▶ EXERCISE REQUIREMENTS:
The answer consists of one number: how many lines of the data below include the string "sodium".

▶ Image-caption web data:

┄┄┄┄┄┄

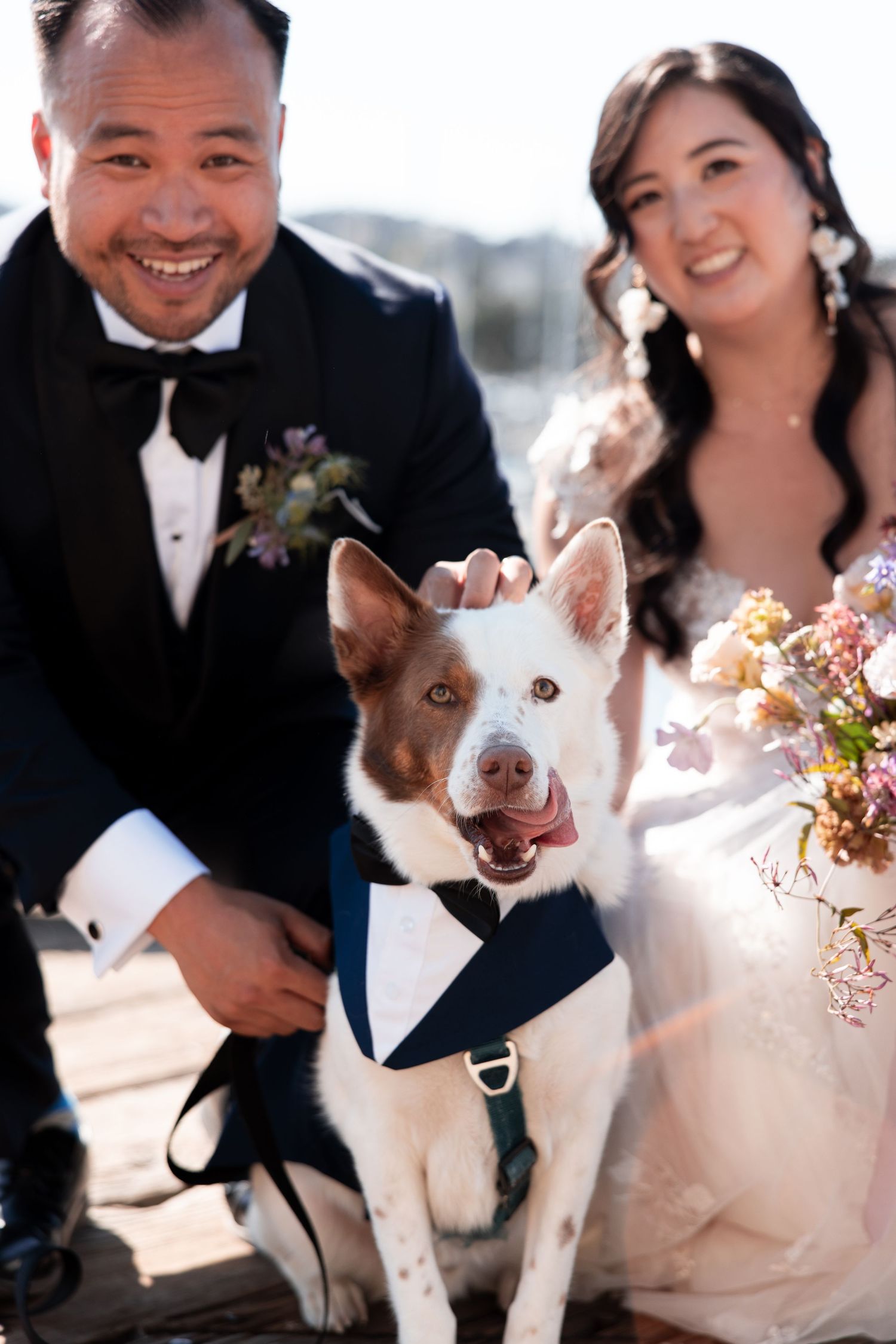 A happy couple in wedding attire poses with their brown and white dog for a series of joyful outdoor photos.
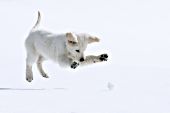 Cream golden retriever puppy pouncing on a snowball
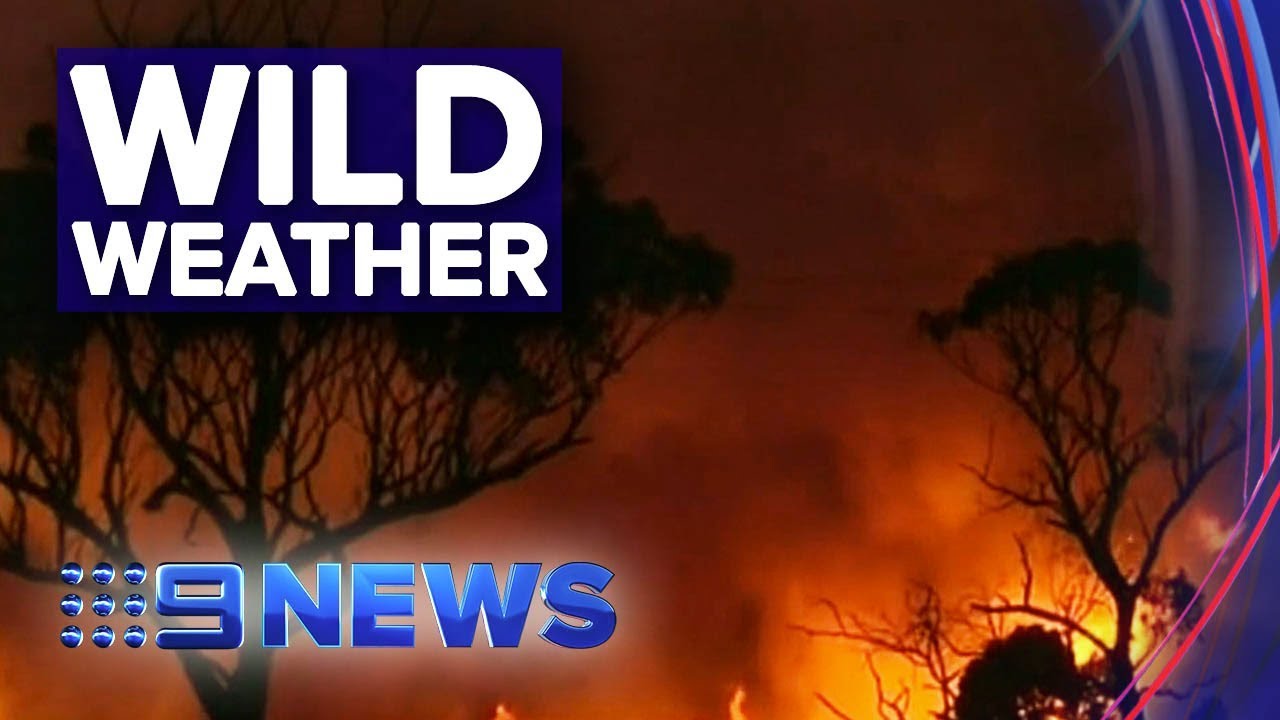 TAS brace for extreme fire danger and thunderstorms | Nine News ...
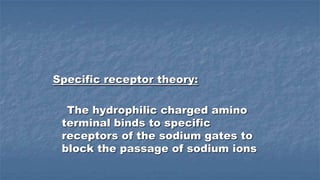 Specific receptor theory:
The hydrophilic charged amino
terminal binds to specific
receptors of the sodium gates to
block the passage of sodium ions

 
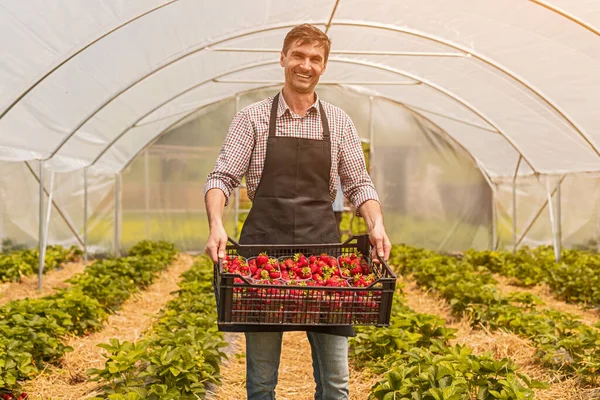 Encantado granjero con caja de fresas en invernadero —  Fotos de Stock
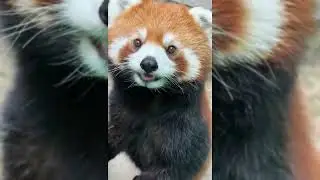 Cat with an Incredible Brain 😲 Funny Cat Videos 2025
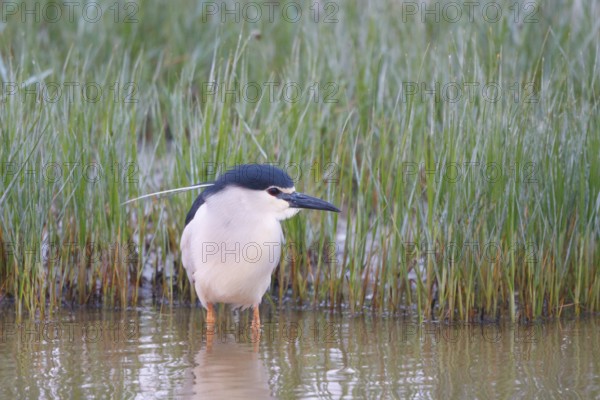 Black-crowned Night Heron (Nycticorax nycticorax), Mallorca, Spain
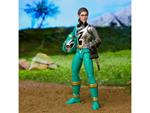 Power Rangers: Hasbro - Lawyer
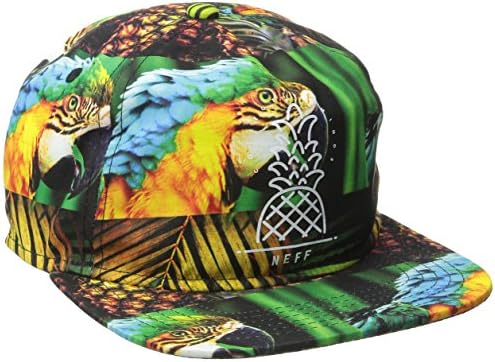 Neff Amigos Decon Cap Multi-Coloured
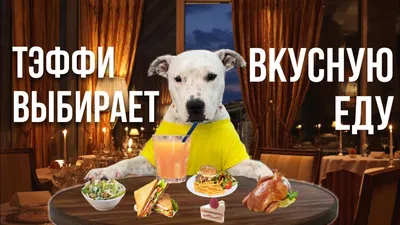 Консервы для собак Чудо-Блюдо с говядиной - AQUAmaniya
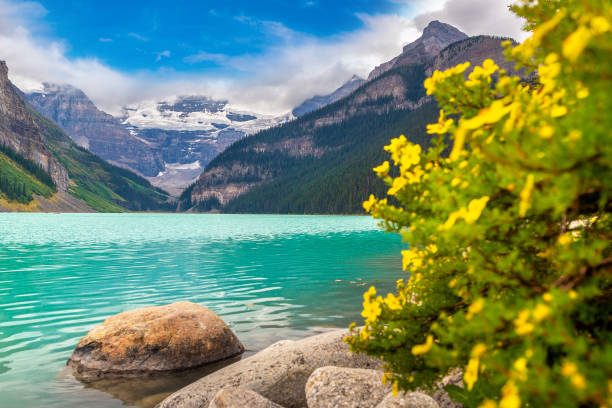 istock Lake Louise, Banff National Park 1341174684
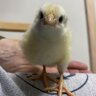 Spoiled chicknz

┄┄┄┄┄┄

▶ SOLVED PROBLEM:
2